United States District Court, E.D. Wisconsin

August 31, 2016

EARNEST L. JOHNSON, JR., Plaintiff,
v.
DR. EUGENE BURKE, et al., Defendants.

          DECISION AND ORDER

          LYNN ADELMAN, District Judge.

         Plaintiff, Earnest Johnson, filed an action under 42 U.S.C. § 1983, alleging that defendants violated his civil rights. This matter comes before me on: (1) plaintiff's third request to change payment from the full filing fee ($350.00) to $304.12 (ECF No. 24), (2) plaintiff's “response” to the screening order issued August 10, 2016 (ECF No. 25); (3) plaintiff's fourth motion to appoint counsel (ECF No. 26); and (4) plaintiff's motion to amend/correct the addresses of Dr. Maria Beg and Dr. Jeffrey Shovers (ECF No. 27).

         Motion on Payment of the Filing Fee

         The Prison Litigation Reform Act (“PLRA”) allows inmates to proceed with their lawsuits in federal court without pre-paying the $350 filing fee. 28 U.S.C. § 1915. However, this right is only available to a petitioner that is “unable to pay such fees or give security therefor.” § 1915(a)(1). Plaintiff was able to pay the full filing fee at the time the lawsuit was filed, and he in fact paid the amount. Therefore, his third request to change payment $350.00 to $304.14 is denied.

         Plaintiff is advised that it is within my inherent power as a federal court to sanction vexatious litigants. See Chambers v. NASCO, Inc., 501 U.S. 32, 43-46 (1991); Bus. Guides, Inc. v. Chromatic Commc'ns Enters., Inc., 498 U.S. 533, 540-54 (1991). This rule holds true for vexatious lawyers as well as vexatious inmates. See Smith v. Gleason, No. 12-CV-633, 2013 WL 6238488, at *8 (W.D. Wis. Nov. 27, 2013). I am obligated to allocate the court's resources so as to assure that “the interests of justice are served and the courthouse doors remain open to all, not simply to the relentless.” Id. (citing In re McDonald, 489 U.S. 180, 184 (1989); then citing Procup v.

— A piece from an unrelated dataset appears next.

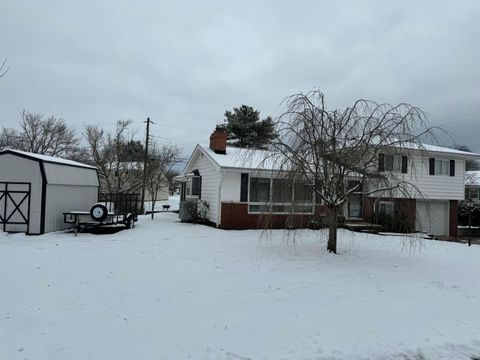 Tiny photo for 122 Columbia Drive, Waverly, OH 45690 (MLS # 225044596)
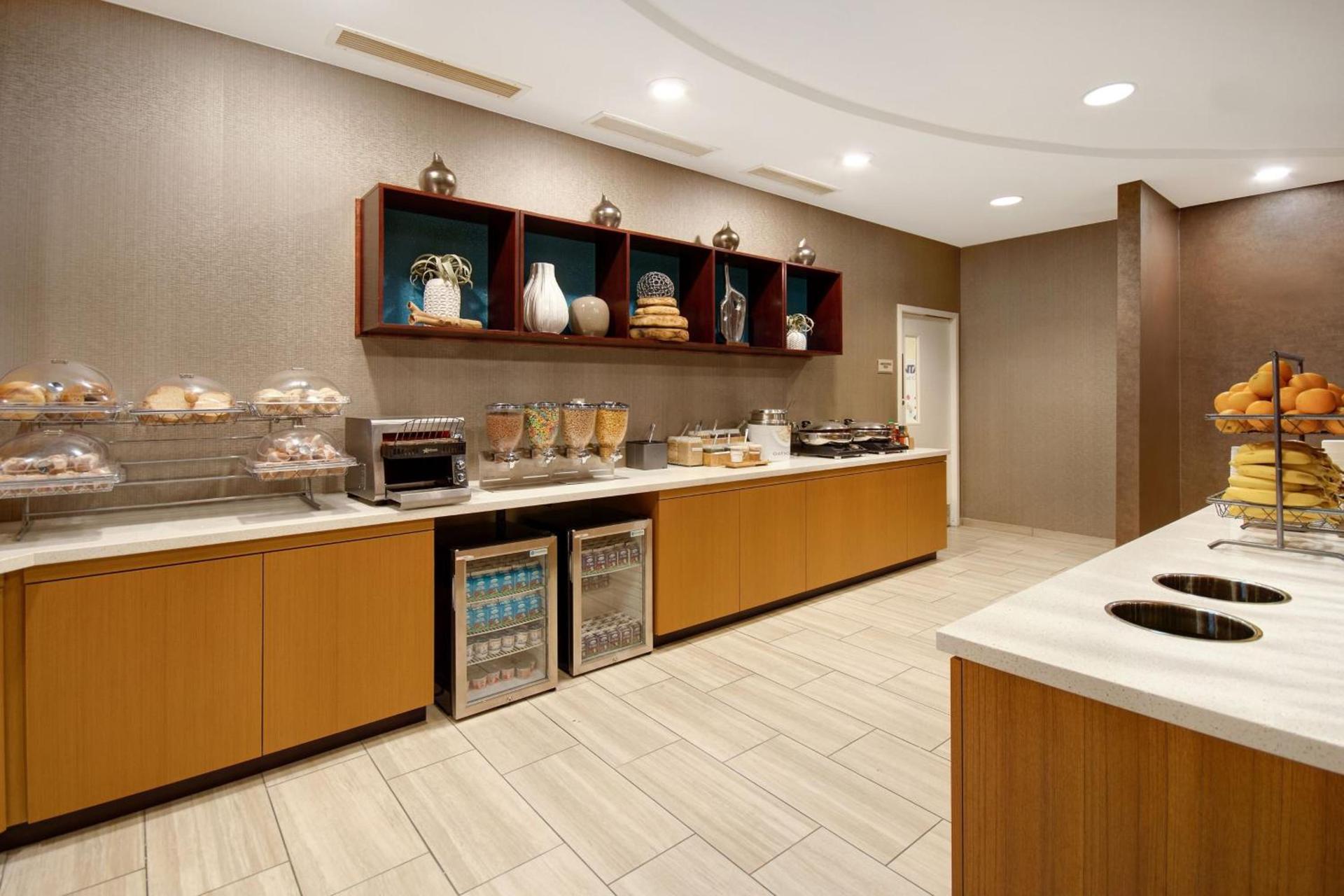 SpringHill Suites By Marriott Erie photo 34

Strickland, 792 F.2d 1069, 1073-74 (11th Cir. 1986) (en banc) (per curiam); then citing Ruderer v. Fines, 614 F.2d 1128, 1130-32 (7th Cir. 1980); and then citing Support Sys. Int'l, Inc. v. Mack, 45 F.3d 185 (7th Cir. 1995)). Therefore, plaintiff is now warned that he risks sanctions, including monetary penalties, if he continues to abuse scarce judicial resources with repetitive filings. See United States v. Robinson, 251 F.3d 594, 595 (7th Cir. 2001) (approving the use of sanctions, after adequate warning, against “a litigant who inundates the court with frivolous motions, imposing costs in time and paperwork on the court and its staff and delaying the disposition of meritorious appeals and motions”).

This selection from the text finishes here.